Nevertheless, some comments below.
> +/* Is this 3-tuple already taken? (not by us)*/
> +int
> +nf_nat_used_3_tuple(const struct nf_conntrack_tuple *tuple,
> + const struct nf_conn *ignored_conntrack,
> + enum nf_nat_manip_type maniptype);
> +
> */
> - void (*unique_tuple)(const struct nf_nat_l3proto *l3proto,
> + int (*unique_tuple)(const struct nf_nat_l3proto *l3proto,
> struct nf_conntrack_tuple *tuple,
> const struct nf_nat_range2 *range,
> enum nf_nat_manip_type maniptype,
The above change should be done in a separate patch, so its
in a isolated change.
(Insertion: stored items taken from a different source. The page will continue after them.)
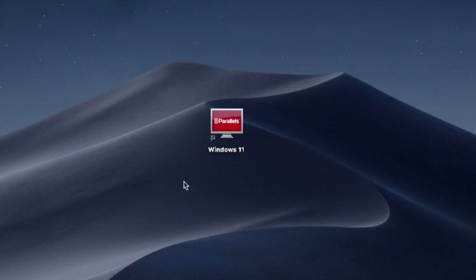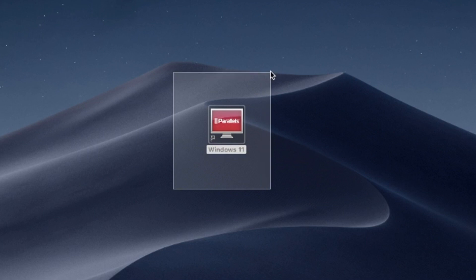Hello and welcome. In this video, I'll use Parallels Desktop to run Windows 11 on Mac. Try Parallels Desktop for free now. Link in the description.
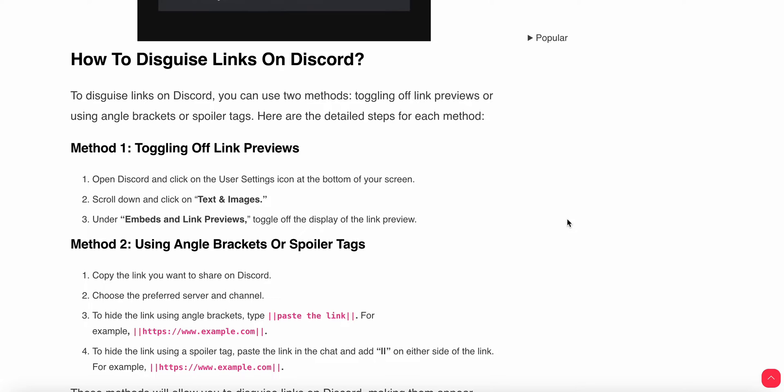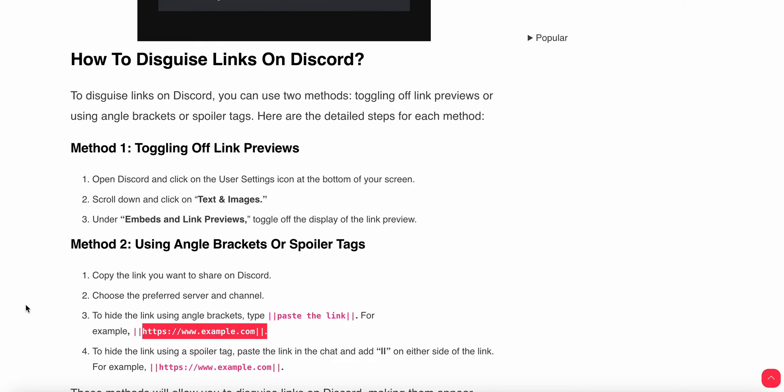Another method you can use is the angle brackets or spoiler tag. You can copy the link you want to share on Discord, then choose the preferred server and channel, and hide the link using the angle brackets. You can also see an example of this.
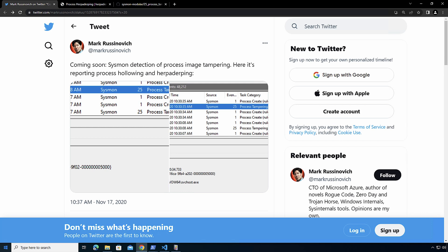In the case of process herpaderping, what we're doing is creating a file, locking that file, starting a process, and then we are replacing the image on disk for that specific process with another one. And then we modify our PEB and make sure that everything's set up properly and we execute that one.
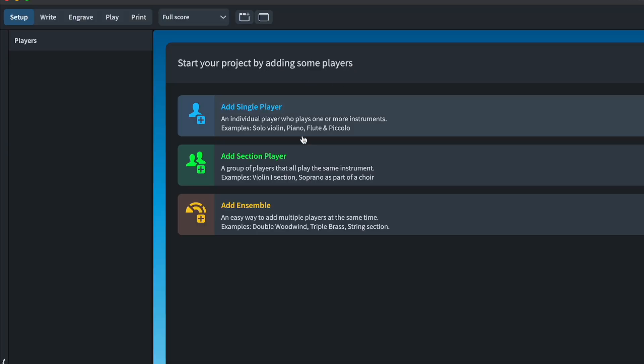Right off the bat you can start your project by adding some players. We see three different options. A single player you can think of as a person in real life who might hold one or two or several instruments — for example, a flute player who's also holding a piccolo and they switch back and forth. Or a percussionist who plays triangle, then tambourine, then bass drum, then marimba — that player can be holding all of those instruments in Dorico.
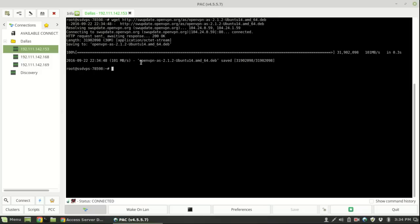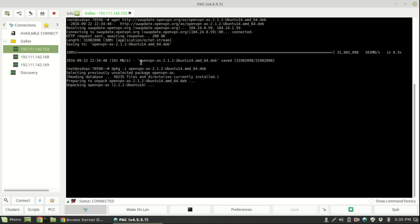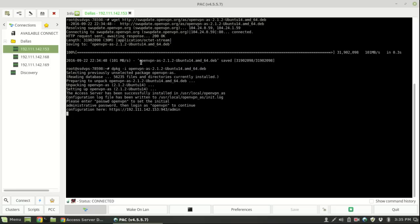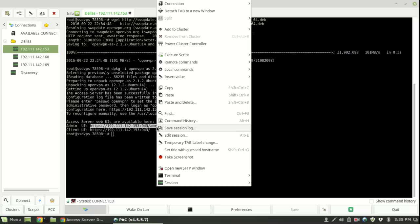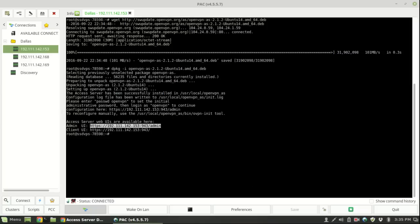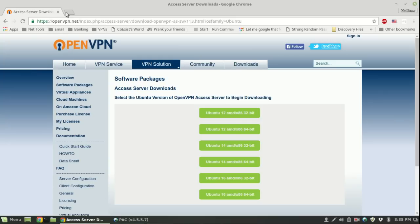Now all you need to do is use the package installer. Use dpkg dash I for install and openvpn.net. It will install to your system. You can see your access server web UIs are available here so we'll copy that and paste it in the browser.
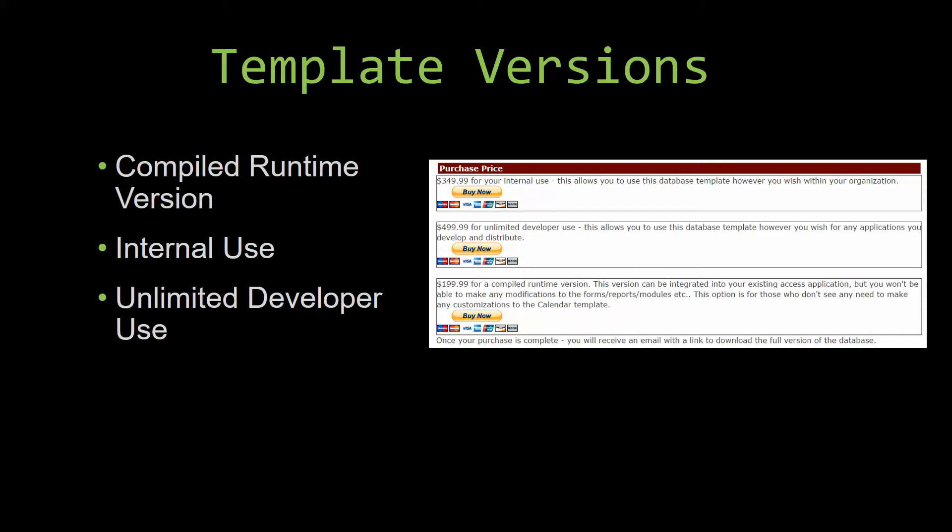This option is more for those of you who do not see any need to make any customizations to the template.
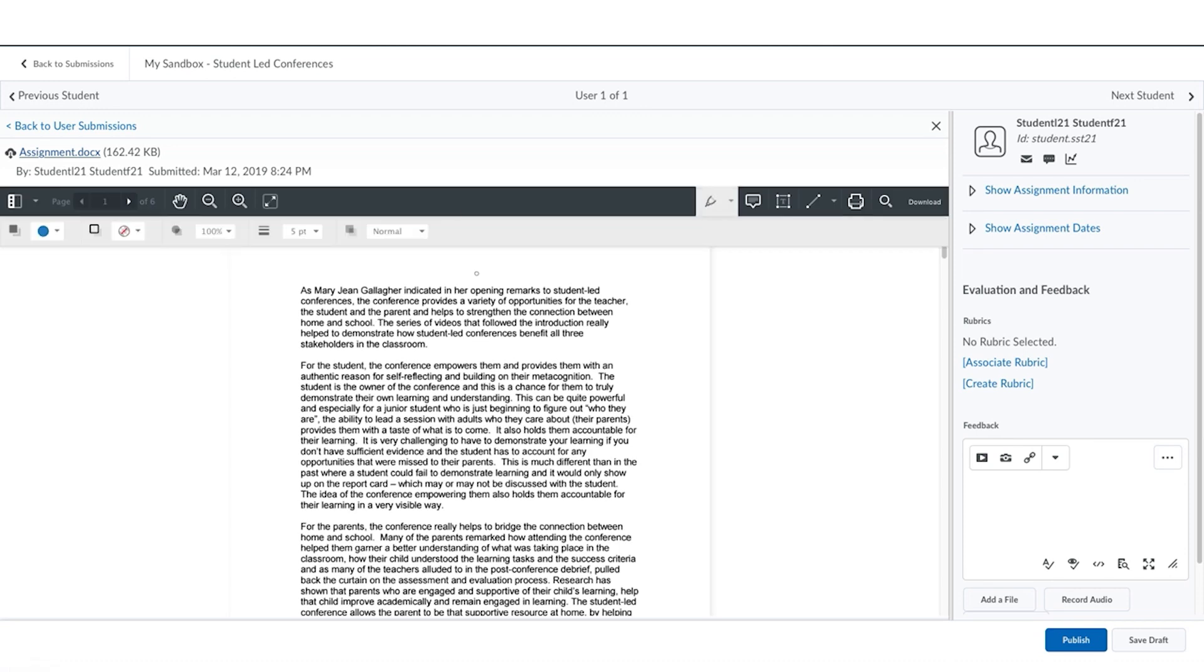Using the editor you can use the pen tool to mark on the document or the highlighter tool to highlight specific areas.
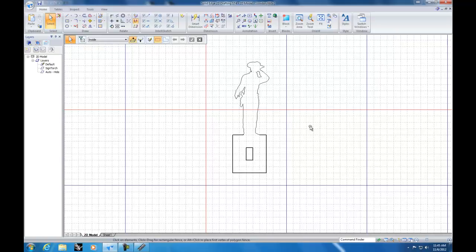That's some of the basics, and that's really where this tutorial ends. I really encourage you to get to know this program — it's a great program and it can really do a lot for you. Thanks for watching, and that's it for this Solid Edge 2D drafting tutorial.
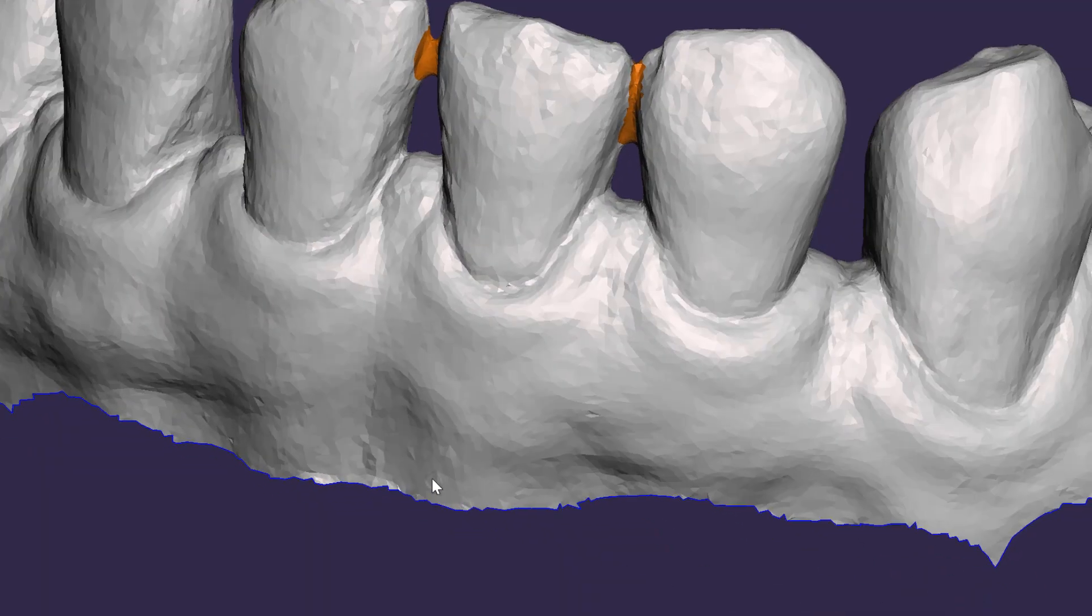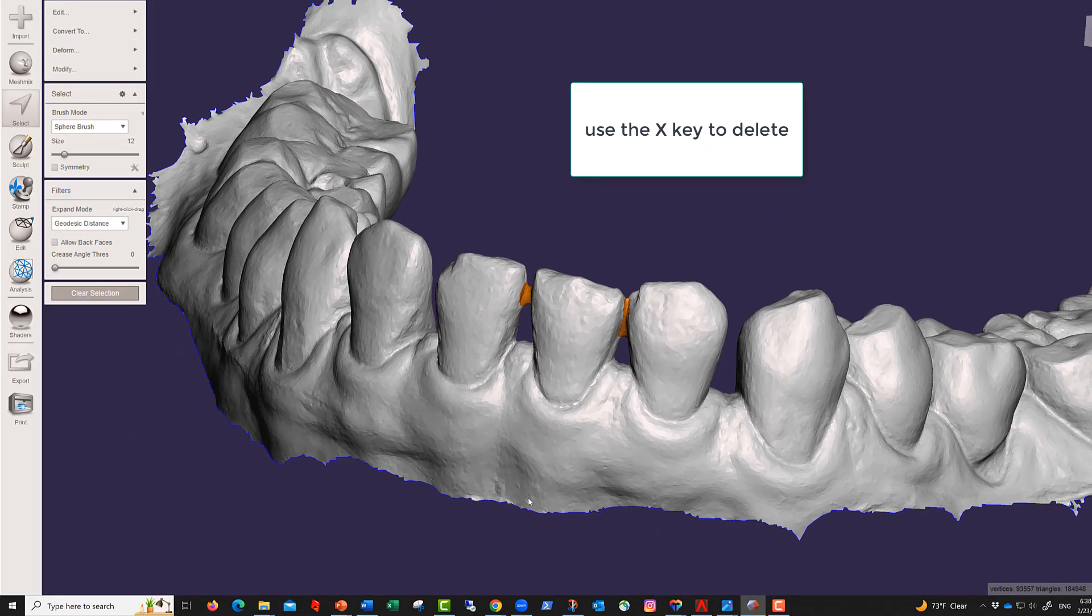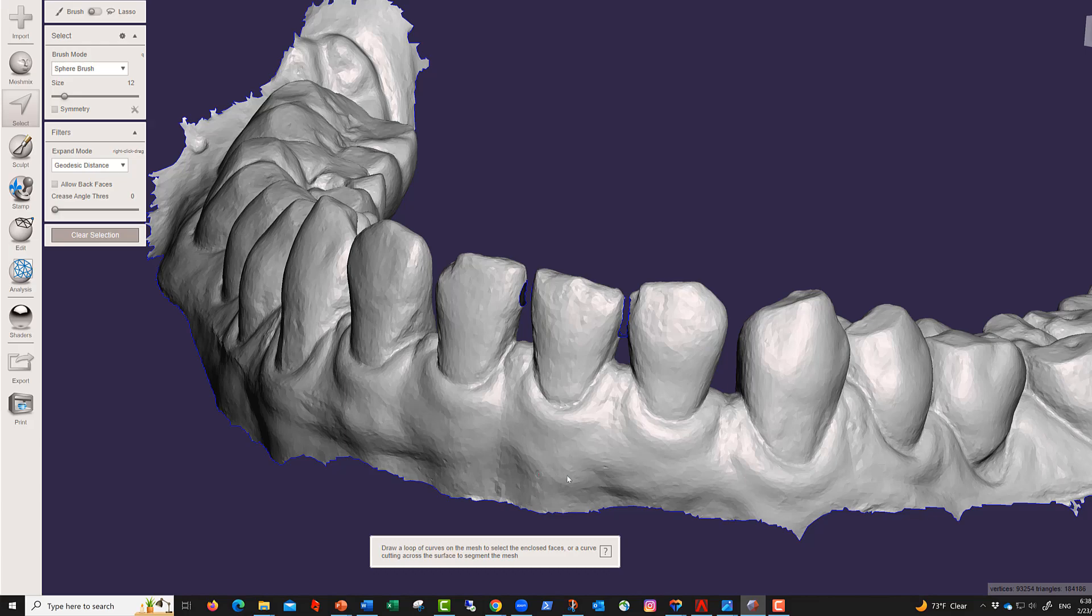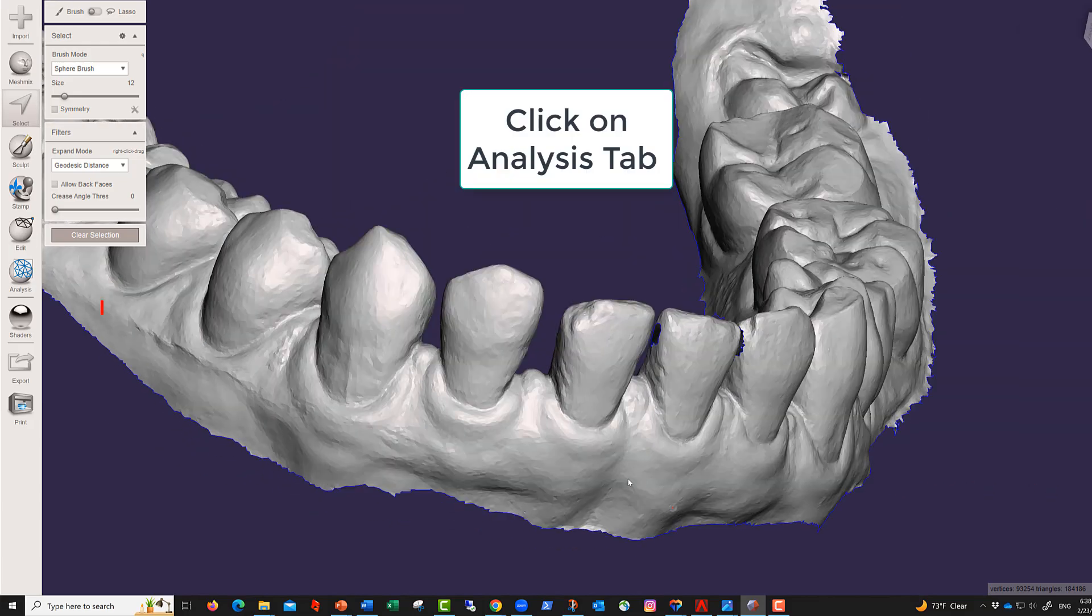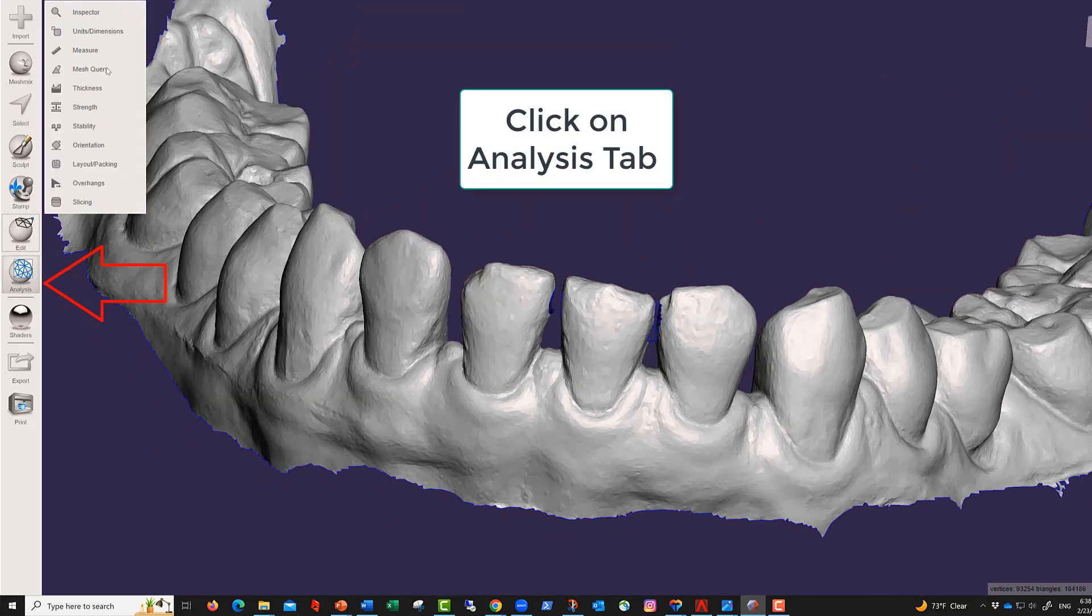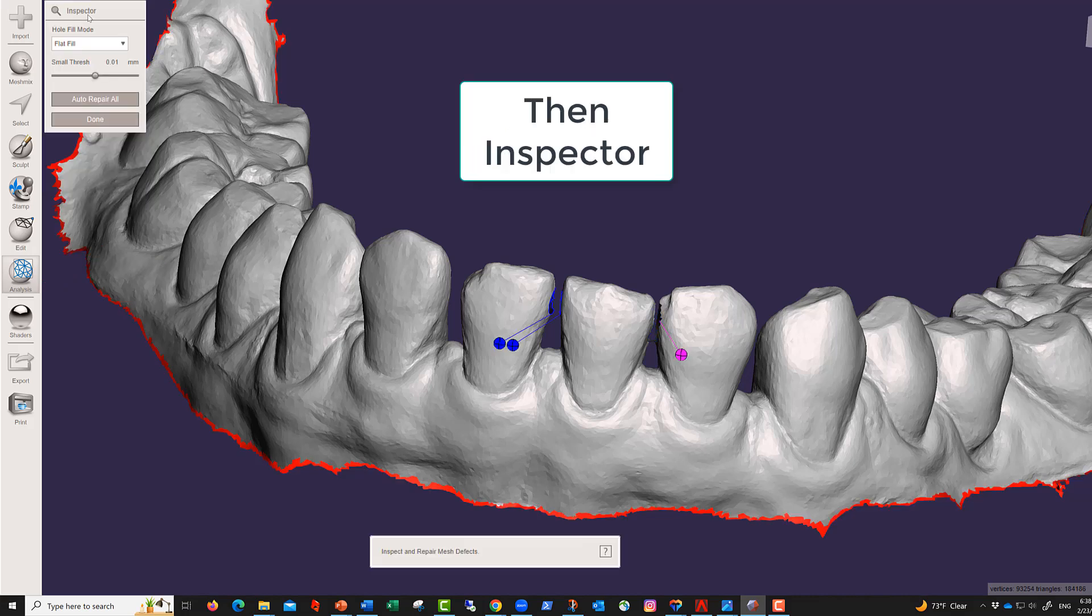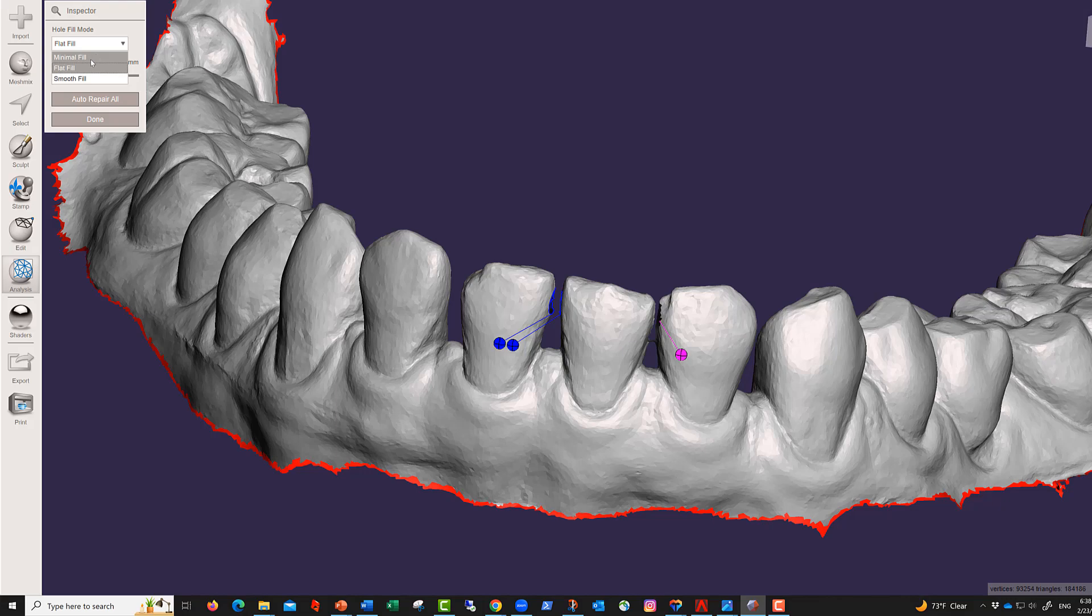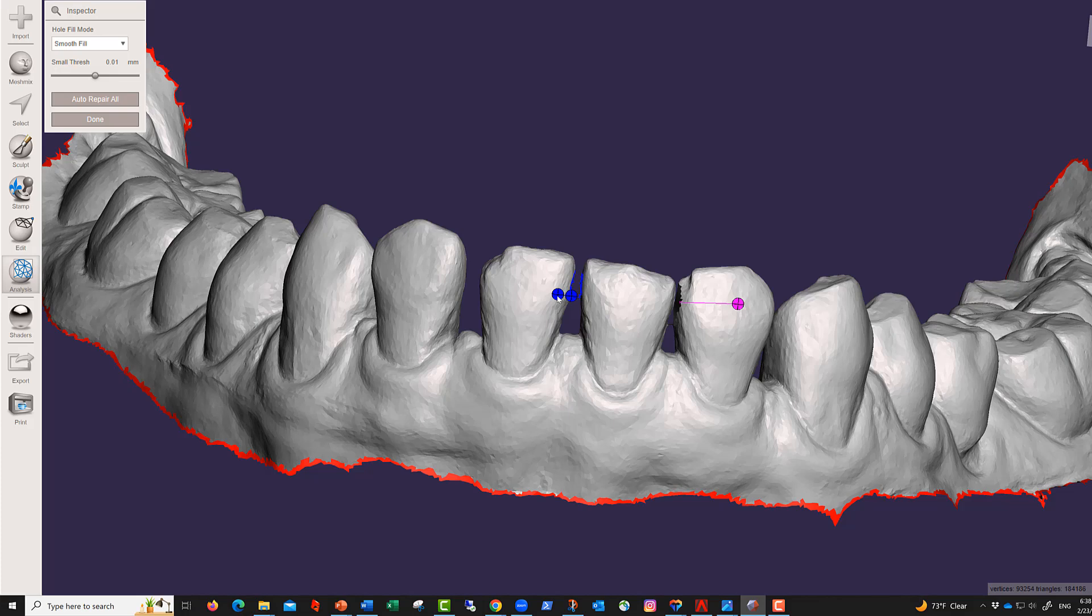Now we have this, so then I'm going to be deleting this. And the problem that we have now is we have four holes. Analysis inspector, and I will fill the holes with a smooth fill. And you can see that now I can click here and here.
This will ease review of the fullcone part.
> /* generate unique tuple ... */
> -static void
> +static int
> gre_unique_tuple(const struct nf_nat_l3proto *l3proto,
> struct nf_conntrack_tuple *tuple,
> const struct nf_nat_range2 *range,
> @@ -52,7 +52,7 @@ gre_unique_tuple(const struct nf_nat_l3proto *l3proto,
> /* If there is no master conntrack we are not PPTP,
> do not change tuples */
> if (!ct->master)
> - return;
> + return 0;
>
> if (maniptype == NF_NAT_MANIP_SRC)
> keyptr = &tuple->src.u.gre.key;
> @@ -73,11 +73,11 @@ gre_unique_tuple(const struct nf_nat_l3proto *l3proto,
> for (i = 0; ; ++key) {
> *keyptr = htons(min + key % range_size);
> if (++i == range_size || !nf_nat_used_tuple(tuple, ct))
> - return;
> + return 1;
> }
I suggest you use 'bool' type for this rather than int, unless you plan
to use errno codes here in some future change.
> @@ -155,6 +156,31 @@ hash_by_src(const struct net *n, const struct nf_conntrack_tuple *tuple)
> return reciprocal_scale(hash, nf_nat_htable_size);
> }
>
> +static inline unsigned int
> +hash_by_dst(const struct net *n, const struct nf_conntrack_tuple *tuple)
please avoid inline keyword in .c files for new submissions.
> +{
> + unsigned int hash;
> +
> + get_random_once(&nf_nat_hash_rnd, sizeof(nf_nat_hash_rnd));
get_random_once can't be called from multiple places for the same random
value.
[ I did not check if thats the case since patch doesn't apply to current
nf ].
> +static inline int
> +same_reply_dst(const struct nf_conn *ct,
> + const struct nf_conntrack_tuple *tuple)
> +{
> + const struct nf_conntrack_tuple *t;
> +
> + t = &ct->tuplehash[IP_CT_DIR_REPLY].tuple;
> + return (t->dst.protonum == tuple->dst.protonum &&
> + nf_inet_addr_cmp(&t->dst.u3, &tuple->dst.u3) &&
> + t->dst.u.all == tuple->dst.u.all);
> +}
Please run patches through scripts/checkpatch.pl before submission,
we try to avoid '()' in return (...);
> +/* Only called for DST manip */
> +static int
> +find_appropriate_dst(struct net *net,
> + const struct nf_conntrack_zone *zone,
> + const struct nf_nat_l3proto *l3proto,
> + const struct nf_nat_l4proto *l4proto,
> + const struct nf_conntrack_tuple *tuple,
> + struct nf_conntrack_tuple *result)
> +{
> + struct nf_conntrack_tuple reply;
> + unsigned int h;
> + const struct nf_conn *ct;
Silly, but some maintainers prefer reverse-xmas-tree, i.e.
struct nf_conntrack_tuple reply;
const struct nf_conn *ct;
unsigned int h;
> @@ -327,8 +421,11 @@ get_unique_tuple(struct nf_conntrack_tuple *tuple,
> const struct nf_conntrack_zone *zone;
> const struct nf_nat_l3proto *l3proto;
> const struct nf_nat_l4proto *l4proto;
> + struct nf_nat_range2 nat_range;
> struct net *net = nf_ct_net(ct);
>
> + memcpy(&nat_range, range, sizeof(struct nf_nat_range2));
nat_range = *range ?
> @@ -1055,9 +1188,14 @@ static int __init nf_nat_init(void)
> if (!nf_nat_bysource)
> return -ENOMEM;
>
> + nf_nat_by_manip_src = nf_ct_alloc_hashtable(&nf_nat_htable_size, 0);
> + if (!nf_nat_by_manip_src)
> + return -ENOMEM;
This lacks error unwind for nf_nat_bysource.